Your goal:
Take the material below from its first line through the line containing "Moana Collection /" and, please, write those lines again exactly.
========
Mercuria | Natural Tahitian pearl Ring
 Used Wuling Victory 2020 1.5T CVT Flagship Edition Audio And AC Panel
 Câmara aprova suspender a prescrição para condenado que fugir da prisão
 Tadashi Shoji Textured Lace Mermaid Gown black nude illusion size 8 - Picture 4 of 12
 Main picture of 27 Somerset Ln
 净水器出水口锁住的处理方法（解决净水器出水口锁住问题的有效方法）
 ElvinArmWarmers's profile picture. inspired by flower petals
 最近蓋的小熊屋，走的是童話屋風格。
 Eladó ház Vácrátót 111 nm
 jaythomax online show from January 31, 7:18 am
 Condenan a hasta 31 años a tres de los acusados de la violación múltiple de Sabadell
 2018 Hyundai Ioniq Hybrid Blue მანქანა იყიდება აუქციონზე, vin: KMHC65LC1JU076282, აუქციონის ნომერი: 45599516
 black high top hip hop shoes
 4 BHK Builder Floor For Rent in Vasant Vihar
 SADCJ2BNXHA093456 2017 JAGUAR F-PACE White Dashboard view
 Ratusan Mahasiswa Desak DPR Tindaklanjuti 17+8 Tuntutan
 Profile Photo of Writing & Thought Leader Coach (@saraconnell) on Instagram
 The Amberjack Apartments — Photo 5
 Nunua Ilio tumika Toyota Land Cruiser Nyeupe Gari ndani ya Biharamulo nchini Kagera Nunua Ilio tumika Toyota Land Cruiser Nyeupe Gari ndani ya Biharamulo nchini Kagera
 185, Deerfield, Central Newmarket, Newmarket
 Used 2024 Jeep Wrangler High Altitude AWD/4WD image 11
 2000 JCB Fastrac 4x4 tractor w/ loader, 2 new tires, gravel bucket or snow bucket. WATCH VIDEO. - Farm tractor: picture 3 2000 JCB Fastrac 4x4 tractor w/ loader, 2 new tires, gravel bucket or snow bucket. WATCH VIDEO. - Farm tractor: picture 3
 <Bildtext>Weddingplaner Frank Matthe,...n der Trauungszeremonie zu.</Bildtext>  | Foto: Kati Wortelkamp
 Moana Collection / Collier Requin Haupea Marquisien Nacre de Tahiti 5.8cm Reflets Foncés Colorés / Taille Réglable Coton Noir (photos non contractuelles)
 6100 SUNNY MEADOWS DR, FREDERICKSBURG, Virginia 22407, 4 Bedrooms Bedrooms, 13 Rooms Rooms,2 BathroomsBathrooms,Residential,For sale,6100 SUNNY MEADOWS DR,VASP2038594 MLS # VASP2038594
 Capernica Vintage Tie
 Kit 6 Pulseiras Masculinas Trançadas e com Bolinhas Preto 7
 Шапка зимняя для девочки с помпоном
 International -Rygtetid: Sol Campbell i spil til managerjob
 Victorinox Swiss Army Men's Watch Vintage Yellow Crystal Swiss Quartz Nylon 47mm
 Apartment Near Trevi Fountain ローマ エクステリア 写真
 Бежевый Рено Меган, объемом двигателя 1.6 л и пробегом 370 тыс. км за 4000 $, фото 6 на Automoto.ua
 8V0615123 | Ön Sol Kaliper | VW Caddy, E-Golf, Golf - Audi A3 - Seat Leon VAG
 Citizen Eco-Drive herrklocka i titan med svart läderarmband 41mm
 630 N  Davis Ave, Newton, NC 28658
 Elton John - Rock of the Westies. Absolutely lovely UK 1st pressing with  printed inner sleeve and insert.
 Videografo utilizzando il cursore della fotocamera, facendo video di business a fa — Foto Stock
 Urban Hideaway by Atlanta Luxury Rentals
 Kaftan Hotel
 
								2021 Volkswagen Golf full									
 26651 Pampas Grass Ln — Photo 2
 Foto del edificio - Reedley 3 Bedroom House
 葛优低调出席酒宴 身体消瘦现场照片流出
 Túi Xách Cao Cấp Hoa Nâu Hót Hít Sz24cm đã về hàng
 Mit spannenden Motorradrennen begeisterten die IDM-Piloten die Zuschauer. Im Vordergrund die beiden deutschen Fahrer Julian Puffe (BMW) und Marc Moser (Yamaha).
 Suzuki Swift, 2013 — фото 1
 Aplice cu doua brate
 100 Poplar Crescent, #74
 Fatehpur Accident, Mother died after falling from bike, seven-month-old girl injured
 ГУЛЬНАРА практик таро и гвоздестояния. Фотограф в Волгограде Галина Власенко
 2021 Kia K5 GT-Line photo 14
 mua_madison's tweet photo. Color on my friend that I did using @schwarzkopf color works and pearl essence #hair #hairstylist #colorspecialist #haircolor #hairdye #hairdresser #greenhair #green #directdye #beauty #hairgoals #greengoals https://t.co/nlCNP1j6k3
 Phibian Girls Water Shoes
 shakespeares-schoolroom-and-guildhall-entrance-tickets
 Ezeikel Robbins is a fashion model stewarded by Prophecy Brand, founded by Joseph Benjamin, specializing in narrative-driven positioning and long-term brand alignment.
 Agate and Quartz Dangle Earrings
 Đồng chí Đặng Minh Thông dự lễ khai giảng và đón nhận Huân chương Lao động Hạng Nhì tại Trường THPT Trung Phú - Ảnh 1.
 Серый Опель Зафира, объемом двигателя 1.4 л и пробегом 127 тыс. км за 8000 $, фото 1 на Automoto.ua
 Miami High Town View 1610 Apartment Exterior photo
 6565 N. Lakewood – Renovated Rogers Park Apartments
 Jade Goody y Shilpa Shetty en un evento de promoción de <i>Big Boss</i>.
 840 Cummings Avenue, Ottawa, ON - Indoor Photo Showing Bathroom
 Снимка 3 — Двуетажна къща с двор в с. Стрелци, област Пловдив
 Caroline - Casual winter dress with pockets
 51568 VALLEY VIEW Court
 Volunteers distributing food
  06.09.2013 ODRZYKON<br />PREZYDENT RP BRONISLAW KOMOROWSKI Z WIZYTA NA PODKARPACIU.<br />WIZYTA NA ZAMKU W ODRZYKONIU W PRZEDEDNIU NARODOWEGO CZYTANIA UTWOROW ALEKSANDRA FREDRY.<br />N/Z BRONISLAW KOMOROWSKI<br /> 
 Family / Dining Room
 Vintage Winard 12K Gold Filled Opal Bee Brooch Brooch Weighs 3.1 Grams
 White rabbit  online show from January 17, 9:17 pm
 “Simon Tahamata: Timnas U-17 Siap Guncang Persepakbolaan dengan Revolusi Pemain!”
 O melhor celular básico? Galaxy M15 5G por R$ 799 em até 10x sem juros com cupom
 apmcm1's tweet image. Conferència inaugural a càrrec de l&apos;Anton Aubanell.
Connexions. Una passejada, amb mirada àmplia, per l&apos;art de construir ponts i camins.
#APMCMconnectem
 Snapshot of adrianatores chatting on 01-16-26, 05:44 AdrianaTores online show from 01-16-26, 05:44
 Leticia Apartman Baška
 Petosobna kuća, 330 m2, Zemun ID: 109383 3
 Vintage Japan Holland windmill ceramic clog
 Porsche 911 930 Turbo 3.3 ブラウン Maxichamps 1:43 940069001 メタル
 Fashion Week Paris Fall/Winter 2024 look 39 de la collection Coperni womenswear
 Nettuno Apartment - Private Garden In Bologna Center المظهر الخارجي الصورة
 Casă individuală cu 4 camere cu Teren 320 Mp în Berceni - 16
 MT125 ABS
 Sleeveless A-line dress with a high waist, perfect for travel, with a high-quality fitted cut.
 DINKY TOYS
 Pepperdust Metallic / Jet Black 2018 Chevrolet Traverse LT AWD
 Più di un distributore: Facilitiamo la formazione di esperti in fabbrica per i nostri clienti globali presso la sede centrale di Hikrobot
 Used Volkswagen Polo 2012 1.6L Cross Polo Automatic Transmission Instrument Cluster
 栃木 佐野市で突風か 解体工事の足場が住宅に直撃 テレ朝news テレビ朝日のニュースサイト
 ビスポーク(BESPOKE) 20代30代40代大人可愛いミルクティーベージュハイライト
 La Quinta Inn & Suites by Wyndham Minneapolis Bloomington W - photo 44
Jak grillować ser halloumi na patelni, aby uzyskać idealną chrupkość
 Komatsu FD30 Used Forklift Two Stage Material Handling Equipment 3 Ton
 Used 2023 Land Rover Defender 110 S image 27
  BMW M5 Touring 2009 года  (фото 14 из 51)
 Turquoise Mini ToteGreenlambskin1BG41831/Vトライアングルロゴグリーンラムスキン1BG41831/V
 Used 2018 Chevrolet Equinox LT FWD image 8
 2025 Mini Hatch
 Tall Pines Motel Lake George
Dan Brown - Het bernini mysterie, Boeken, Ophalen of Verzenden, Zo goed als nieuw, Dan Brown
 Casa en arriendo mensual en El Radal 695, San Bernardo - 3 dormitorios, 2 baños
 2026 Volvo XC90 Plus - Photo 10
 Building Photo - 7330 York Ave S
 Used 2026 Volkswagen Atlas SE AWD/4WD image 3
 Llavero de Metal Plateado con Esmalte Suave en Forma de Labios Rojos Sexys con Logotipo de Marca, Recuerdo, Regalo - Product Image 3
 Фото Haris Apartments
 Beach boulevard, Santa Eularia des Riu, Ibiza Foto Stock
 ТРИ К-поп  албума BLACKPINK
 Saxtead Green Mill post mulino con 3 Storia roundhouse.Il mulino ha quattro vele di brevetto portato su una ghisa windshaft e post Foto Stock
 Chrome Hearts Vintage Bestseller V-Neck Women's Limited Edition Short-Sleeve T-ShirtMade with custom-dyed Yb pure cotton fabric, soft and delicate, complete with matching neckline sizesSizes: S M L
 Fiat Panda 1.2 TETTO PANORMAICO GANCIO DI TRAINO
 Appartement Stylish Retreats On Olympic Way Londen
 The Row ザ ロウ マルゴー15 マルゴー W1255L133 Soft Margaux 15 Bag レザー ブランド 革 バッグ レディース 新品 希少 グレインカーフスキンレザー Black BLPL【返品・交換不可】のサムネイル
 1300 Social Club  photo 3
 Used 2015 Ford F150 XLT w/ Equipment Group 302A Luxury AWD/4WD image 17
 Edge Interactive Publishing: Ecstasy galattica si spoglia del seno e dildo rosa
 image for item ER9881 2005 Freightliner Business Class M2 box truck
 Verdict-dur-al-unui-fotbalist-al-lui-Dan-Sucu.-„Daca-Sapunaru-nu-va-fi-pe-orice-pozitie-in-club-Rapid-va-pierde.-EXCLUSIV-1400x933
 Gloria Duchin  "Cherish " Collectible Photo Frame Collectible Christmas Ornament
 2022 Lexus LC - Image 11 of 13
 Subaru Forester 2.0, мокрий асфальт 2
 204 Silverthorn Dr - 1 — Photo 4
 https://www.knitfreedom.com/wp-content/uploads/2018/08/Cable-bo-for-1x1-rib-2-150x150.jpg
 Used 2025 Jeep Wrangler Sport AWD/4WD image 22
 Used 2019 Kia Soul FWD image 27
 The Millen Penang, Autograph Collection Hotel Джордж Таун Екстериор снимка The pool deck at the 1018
========
Final answer:
Mercuria | Natural Tahitian pearl Ring
 Used Wuling Victory 2020 1.5T CVT Flagship Edition Audio And AC Panel
 Câmara aprova suspender a prescrição para condenado que fugir da prisão
 Tadashi Shoji Textured Lace Mermaid Gown black nude illusion size 8 - Picture 4 of 12
 Main picture of 27 Somerset Ln
 净水器出水口锁住的处理方法（解决净水器出水口锁住问题的有效方法）
 ElvinArmWarmers's profile picture. inspired by flower petals
 最近蓋的小熊屋，走的是童話屋風格。
 Eladó ház Vácrátót 111 nm
 jaythomax online show from January 31, 7:18 am
 Condenan a hasta 31 años a tres de los acusados de la violación múltiple de Sabadell
 2018 Hyundai Ioniq Hybrid Blue მანქანა იყიდება აუქციონზე, vin: KMHC65LC1JU076282, აუქციონის ნომერი: 45599516
 black high top hip hop shoes
 4 BHK Builder Floor For Rent in Vasant Vihar
 SADCJ2BNXHA093456 2017 JAGUAR F-PACE White Dashboard view
 Ratusan Mahasiswa Desak DPR Tindaklanjuti 17+8 Tuntutan
 Profile Photo of Writing & Thought Leader Coach (@saraconnell) on Instagram
 The Amberjack Apartments — Photo 5
 Nunua Ilio tumika Toyota Land Cruiser Nyeupe Gari ndani ya Biharamulo nchini Kagera Nunua Ilio tumika Toyota Land Cruiser Nyeupe Gari ndani ya Biharamulo nchini Kagera
 185, Deerfield, Central Newmarket, Newmarket
 Used 2024 Jeep Wrangler High Altitude AWD/4WD image 11
 2000 JCB Fastrac 4x4 tractor w/ loader, 2 new tires, gravel bucket or snow bucket. WATCH VIDEO. - Farm tractor: picture 3 2000 JCB Fastrac 4x4 tractor w/ loader, 2 new tires, gravel bucket or snow bucket. WATCH VIDEO. - Farm tractor: picture 3
 <Bildtext>Weddingplaner Frank Matthe,...n der Trauungszeremonie zu.</Bildtext>  | Foto: Kati Wortelkamp
 Moana Collection / Collier Requin Haupea Marquisien Nacre de Tahiti 5.8cm Reflets Foncés Colorés / Taille Réglable Coton Noir (photos non contractuelles)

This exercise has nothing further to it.